3. We need institutions to change their culture to acknowledge that 
   producing really good data is as important for the research ecosystem
   as writing papers.  This includes decisions regarding awarding grants,
   tenure & promotion, etc.


Much of this is covered by the Joint Declaration of Data Citation
Principles:

	https://force11.org/datacitation

There are currently two sub-groups; one working on dissemination, to
make groups aware of the issues & the principles, and another (that I'm
on) working on issues of implementation.  We actually just submitted
something to PeerJ this week, on how to deal with 'machine actionable'
landing pages:

	https://peerj.com/preprints/697/

(I've been pushing for one of the sections to be clarified, so feel
free to comment ... if enough other people agree w/ me, maybe I can
get my changes into the final paper)


> Libraries face their own challenges in this regard. Even if we ignore that
> many libraries and library organizations are pretty tight with what they
> consider their intellectual property, there is still the issue that most of
> us are also under pressure to demonstrate impact, originality, etc. As a
> practical matter, this means we are rewarded for contributing to churn,
> imposing branding, keeping things siloed and local, etc. so that we can
> generate metrics that show how relevant we are to those who pay our bills
> even if we could do much more good by contributing to community initiatives.

But ... one of the other things that libraries do is make stuff available
to the public.  So as most aren't dealing with data, getting that into
their IRs means that they've then got more stuff that they can serve
to possibly help push up their metrics.

(not that I think those metrics are good ... I'd rather *not* transfer
data that people aren't going to use, but the bean counters like those
graphs of data transfer going up ... we just don't mention that it's
groups in China attempting to mirror our entire holdings)



> With regards to our local data initiatives, we don't push the open data
> aspect because this has practically no traction with researchers. What does
> interest them is meeting funder and publisher requirements as well as being
> able to transport their own research from one environment to another so
> that they can use it. The takeaway from this is that leadership from the
> top does matter.

The current strategy is to push for the scientific societies to implement
policies requiring the data be opened if it's to be used as evidence in
a journal article.  There are some exceptions*, but the recommendations
so far are to still set up the landing page to make the data citable,
but instead of linking directly to the data, provide an explanation of
what the procedures are to request access.

Through this, we have the requirement be that if the researcher wants
to publish their paper ... they have to provide the data, too.

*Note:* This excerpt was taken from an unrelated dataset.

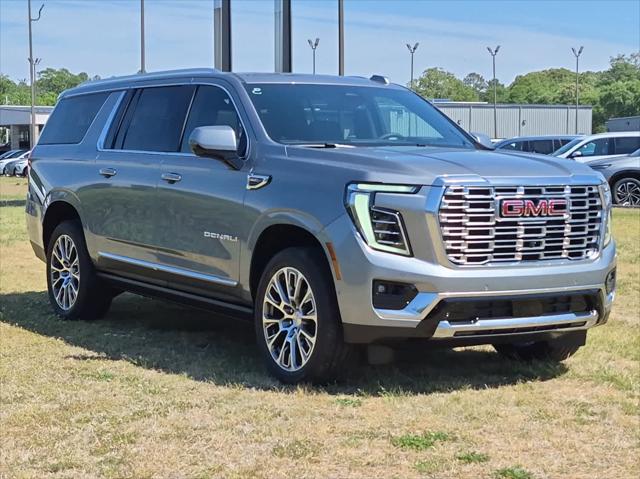 2026 GMC Yukon XL 4WD Denali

We're run into a few interesting snags, though.  For instance, some are
only requiring the data that directly supports the paper to be published;
this means that we have no way of knowing if they cherry-picked their
data and the larger collection might have evidence to refute their
findings.

The 'publishers' seem to be for it, as some of them look at it as a way
to get people to publish 'data papers' (and of course, charge author
fees at the same time).  I personally don't like the concept for the
most part, as I think our understanding of the data changes with time,
and we need dynamic descriptions of the data, not static ones.  

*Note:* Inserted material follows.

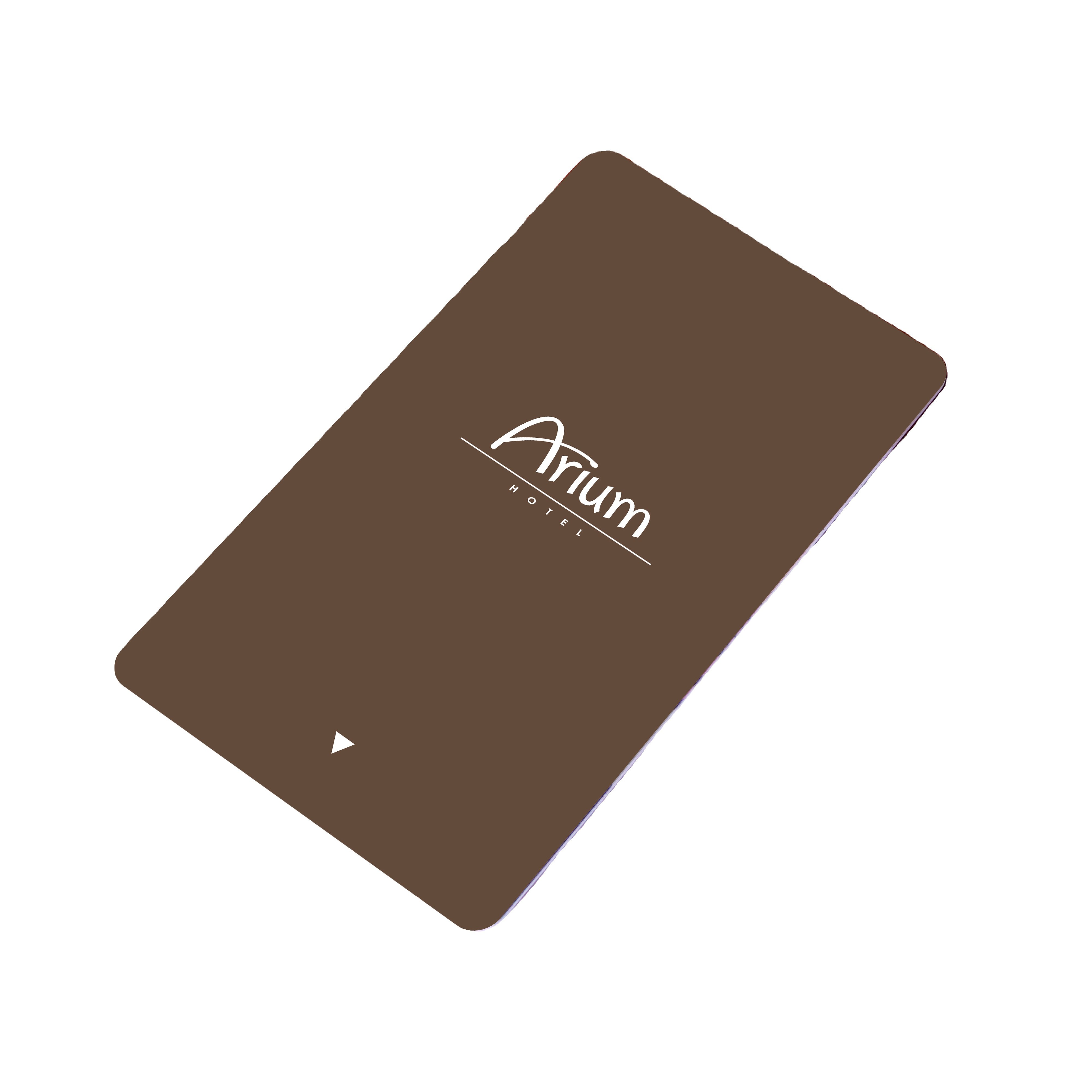 Blank White High-End RFID 125KHz EM4200 Proximity Card Read Only Key Lock Hotel Card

I can see the 'data paper' concept working for adding to the documentation
of the data, particularly in cases where you might be describing how
some other community's data can be re-used, but I don't think it should
be the primary citation for data.



> The good news is that things seem to be moving in the right direction, even
> if it is at the speed of goo.

It's slower than I'd like, but at least from the data side of things,
it's accelerating.  There are a lot of groups working on issues,
but I'd say that the big player these days is Research Data Alliance:

	https://rd-alliance.org

They have various interest & working groups around different cross
discipline issues and focused on specific disciplines / types of
data.


-Joe

* There are some cases where it's not possible to publicly release data:
  Almost any IRB-encumbered research, individual health records,
  locations of endangered species, or export restricted information (eg,
  nuclear devices or launch systems)